Structural matters in HTSC; the origin and form of stripe organization and checker boarding

TL;DR

This paper explores the role of stripe and checkerboard charge and spin organization in high-temperature superconductors, proposing models that reconcile experimental data and highlight the importance of real-space hole arrangements.

Contribution

It introduces 2q diagonal stripe models compatible with various experimental observations and links specific doping levels to superconducting properties within a boson-fermion framework.

Findings

Stripe models are 2q and diagonal, with face-centered charge and spin arrays.

Checkerboarding is linked to correlation-driven Fermi surface collapse.
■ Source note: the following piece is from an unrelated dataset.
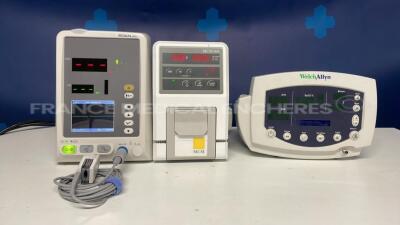 Lot of Edan Vital Signs Monitor M3A - YOM 2014 w/ SPO2 sensor and MCM Vital Signs Monitor 404 and WelchAllyn Vital Signs Monitor 53NTP - no power cables - one untested due missing power cable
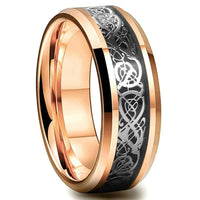 Rose Gold Celtic Dragon Tungsten Mens Wedding Band Ring with Black Carbon Fiber Inlay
Incommensurate spin diffraction is driven by charge and strain, not spin-wave physics.

Abstract

The paper deals with the controversial charge and spin self-organization phenomena in the HTSC cuprates, of which neutron, X-ray, STM and ARPES experiments give complementary, sometimes apparently contradictory glimpses. The examination has been set in the context of the boson-fermion, negative-U understanding of HTSC advocated over many years by the author. Stripe models are developed which are 2q in nature and diagonal in form. For such a geometry to be compatible with the data rests upon both the spin and charge arrays being face-centred. Various special doping concentrations are closely looked at, in particular p = 0.1836 or 9/49, which is associated with the maximization of the superconducting condensation energy and the termination of the pseudogap regime. The stripe models are dictated by real space organization of the holes, whereas the dispersionless checkerboarding is interpreted in terms of correlation driven collapse of normal Fermi surface behaviour and response functions. The incommensurate spin diffraction below the resonance energy is seen as in no way expressing spin-wave physics or Fermi surface nesting, but is driven by charge and strain (Jahn-Teller) considerations, and it stands virtually without dispersion. The apparent dispersion comes from the downward dispersion of the resonance peak, and the growth of a further incoherent commensurate peak ensuing from the falling level of charge stripe organization under excitation.